I love that when I’m finished getting high on the fumes from all the 4x4s in Chiswick, I can simply pop into ‘Oxygen’ in Acton for some fresh air. It’s a place, roughly the size of a football pitch where you can free jump, trampoline (they have around thirty) or brush up on your tightrope walking skills. It’s an amazing place, and very good for making you feel good.
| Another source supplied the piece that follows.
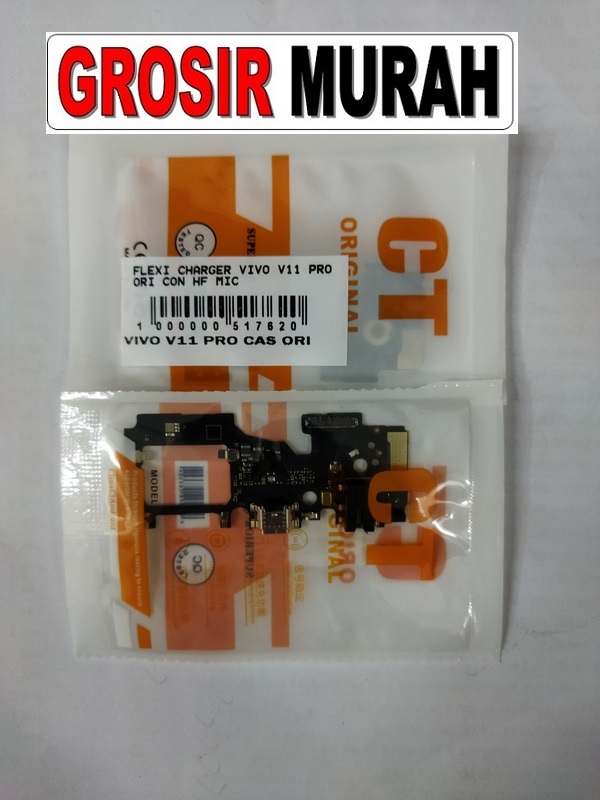 VIVO V11 PRO CON HF MIC Flexi Charger Ori Spare Part Grosir Sparepart Hp Original Flexible Flexibel Papan Cas Charging Port Dock Flex Cable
And then there are London neighbors, surely also superior. When I moved into our home, our next-door neighbor was a very glamorous divorcee with two daughters. The youngest ended up babysitting for us over the years. During the summer her mum asked if she could spend some time living with me, as she was worried she might be up to all sorts in her absence; she wasn’t. It was such a joy having her and we stayed up chatting ’til the wee small hours. Some of the best advice and really the only bits I’ve really taken onboard are from my sixteen-year-old neighbor Maddie, and it’s working out quite well. They moved not long after, not far and we still see each other but I am lost without them.

The other night I got into my car, I felt an urge to listen to my music really loudly, and I just drove. I travelled along the river into town past Cleopatra’s needle, Sir Thomas Moore and one beautiful bridge after the next. I basked in it and it was divine. Past Roman ruins, shrines and breathtaking buildings, all solitary and majestic. The beauty was astounding. This is therapy. If anything can get me through this, it’s London.

Everyday I’m shufflin.

For Maddie, because I know how much you miss this place.